La ministre de l'économie, des finances et de l'industrie et le secrétaire d'Etat chargé du commerce, de l'artisanat, des petites et moyennes entreprises, du tourisme, des services, des professions libérales et de la consommation,
Vu le décret n° 85-1152 du 5 novembre 1985 modifié portant création d'une direction générale de la concurrence, de la consommation et de la répression des fraudes au ministère de l'économie, des finances et du budget par suppression d'une direction générale, d'une direction, d'une mission et d'un service ;
Vu le décret n° 87-389 du 15 juin 1987 modifié relatif à l'organisation des services d'administration centrale ;
Vu le décret n° 2001-1178 du 12 décembre 2001 modifié relatif à la direction générale de la concurrence, de la consommation et de la répression des fraudes ;
Vu le décret n° 2009-1630 du 23 décembre 2009 portant création d'un service à compétence nationale dénommé « service national des enquêtes » ;
Vu l'arrêté du 12 décembre 2001 modifié relatif à l'Ecole nationale de la concurrence, de la consommation et de la répression des fraudes ;
Vu l'arrêté du 12 décembre 2001 modifié relatif à l'organisation de l'Ecole nationale de la concurrence, de la consommation et de la répression des fraudes ;
Vu l'arrêté du 29 avril 2002 modifié relatif au service de l'informatique de la direction générale de la concurrence, de la consommation et de la répression des fraudes ;
Vu l'arrêté du 29 avril 2002 modifié relatif à l'organisation du service de l'informatique de la direction générale de la concurrence, de la consommation et de la répression des fraudes et portant désignation d'un ordonnateur secondaire ;
Vu l'arrêté du 14 mars 2006 portant création d'un service à compétence nationale dénommé « Service commun des laboratoires du ministère de l'économie, des finances et de l'industrie » ;
Vu l'avis du comité technique paritaire central de la direction générale de la concurrence, de la consommation et de la répression des fraudes en date du 17 mai 2011,
Arrêtent :


L'administration centrale de la direction générale de la concurrence, de la consommation et de la répression des fraudes comprend :
― le service du soutien au réseau ;
― le service de la protection des consommateurs et de la régulation des marchés,
ainsi que, directement rattachés au directeur général :
― l'inspection générale des services ;
― le secrétariat général du groupe interministériel de la consommation et du Conseil national de la consommation ;
― l'unité d'alerte.


I. ― Le service du soutien au réseau est chargé de la communication et de l'accueil des publics, de la veille économique et des prix, du pilotage et de la coordination de l'activité du réseau ainsi que de la gestion des ressources humaines et des moyens. Il comprend :
― la sous-direction de la communication, de la programmation et de la veille économique ;
― la sous-direction des ressources humaines, des affaires financières, de la qualité et de la performance.

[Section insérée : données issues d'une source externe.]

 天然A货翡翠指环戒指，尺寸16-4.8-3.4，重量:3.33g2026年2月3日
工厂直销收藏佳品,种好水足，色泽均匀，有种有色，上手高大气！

II. ― La sous-direction de la communication, de la programmation et de la veille économique est chargée de la communication et de l'accueil des publics, de l'analyse économique et des prix, ainsi que de la programmation de l'activité du réseau. Elle comprend :
Le bureau de la communication et de l'accueil des publics :
Il est chargé de proposer et de mettre en œuvre les actions de communication interne et externe de la direction générale, en liaison avec le service de la communication du secrétariat général des ministères économique et financier.

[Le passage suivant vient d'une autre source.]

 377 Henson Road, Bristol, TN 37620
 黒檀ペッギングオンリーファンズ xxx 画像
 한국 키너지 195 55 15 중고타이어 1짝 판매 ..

Il est responsable de l'information des consommateurs, des entreprises, des organismes professionnels et des partenaires par la diffusion de publications et de documentations administratives, par la coordination éditoriale des sites internet et intranet et par la communication événementielle (colloques, salons, manifestations, etc.).
Il élabore la politique d'accueil des publics et de réponse aux demandes d'informations des consommateurs et des professionnels, et en pilote la mise en œuvre.
Le bureau de la veille économique et des prix :
Il conçoit et met en place des outils visant à améliorer la transparence économique sur les circuits de production et de commercialisation des biens et services, afin de permettre d'effectuer dans ce domaine des analyses fondées sur des éléments objectifs et partagés. Il intervient notamment dans le domaine des analyses de prix ainsi que dans l'observation des mécanismes de formation des prix et des marges, en liaison avec les autres observatoires compétents dans ces domaines. Il conduit des études économiques au profit de la direction générale.
Il est chargé des fonctions de documentation et de veille économiques internes à la direction générale.
Il assure l'exploitation statistique du baromètre des réclamations des consommateurs.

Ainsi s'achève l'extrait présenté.